Stochastic Gradient Descent.

Parameters:

lr (float) – learning rate.
momentum (float, optional) – momentum. Defaults to 0
dampening (float, optional) – dampening for momentum. Defaults to 0
weight_decay (float, optional) – weight decay (L2 penalty). Defaults to 0
nesterov (bool, optional) – enables Nesterov momentum. Defaults to False
decay_strategy (WeightDecayStrategy, optional) – The strategy for applying weight decay. Defaults to DecayEverything().

class optexp.optim.Adam(lr: float, beta1: float = 0.9, beta2: float = 0.999, eps: float = 1e-08, weight_decay: float = 0.01, amsgrad: bool = False, decay_strategy: WeightDecayStrategy = DecayEverything())[source]

Adam optimizer from [Kingma2014].

Parameters:

lr (float) – learning rate.
beta1 (float, optional) – coefficient used for computing EMA of gradient. Defaults to 0.9.
beta2 (float, optional) – coefficient used for computing EMA of squared gradients. Defaults to 0.999.
eps (float, optional) – term added to the denominator to improve numerical stability. Defaults to 1e-8.
weight_decay (float, optional) – weight decay (L2 penalty). Defaults to 0.01.
amsgrad (bool, optional) – whether to use the AMSGrad variant of this algorithm. Defaults to False.
decay_strategy (WeightDecayStrategy, optional) – strategy for applying weight decay. Defaults to DecayEverything().

[Kingma2014]

Adam: A Method for Stochastic Optimization. Diederik P. Kingma, Jimmy Ba.

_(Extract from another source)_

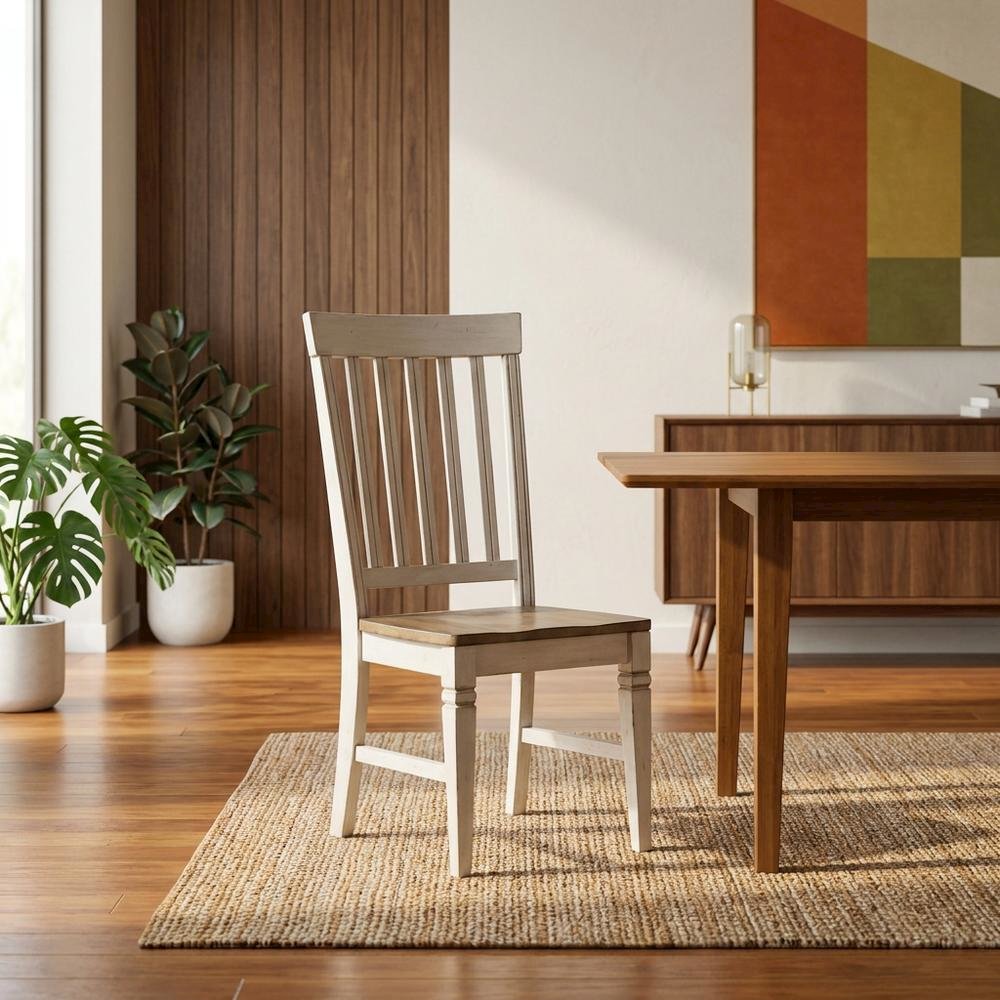 Smokey White & Peppercorn Side Chair with Slatback Design and Wooden Seat. Picture 2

International Conference on Learning Representations, 2015. doi.org/10.48550/arXiv.1412.6980

class optexp.optim.AdamW(lr: float, beta1: float = 0.9, beta2: float = 0.999, eps: float = 1e-08, weight_decay: float = 0.01, amsgrad: bool = False, decay_strategy: WeightDecayStrategy = DecayEverything())[source]

AdamW optimizer from [Loshchilov2019].

Parameters:

lr (float) – learning rate.
beta1 (float, optional) – coefficient used for computing EMA of gradient. Defaults to 0.9.
beta2 (float, optional) – coefficient used for computing EMA squared gradient. Defaults to 0.999.
eps (float, optional) – term added to the denominator to improve numerical stability. Defaults to 1e-8.
weight_decay (float, optional) – weight decay (L2 penalty). Defaults to 0.01.
amsgrad (bool, optional) – whether to use the AMSGrad variant of this algorithm. Defaults to False.
decay_strategy (WeightDecayStrategy, optional) – strategy for applying weight decay. Defaults to DecayEverything().

[Loshchilov2019]

Decoupled Weight Decay Regularization. Ilya Loshchilov, Frank Hutter. International Conference on Learning Representations, 2019. doi.org/10.48550/arXiv.1711.05101

class optexp.optim.Adagrad(lr: float, weight_decay: float = 0.0, lr_decay: float = 0.0, decay_strategy: WeightDecayStrategy = DecayEverything())[source]

Weight Decay strategies

class optexp.optim.WeightDecayStrategy[source]: Abstract base class for weight decay strategies.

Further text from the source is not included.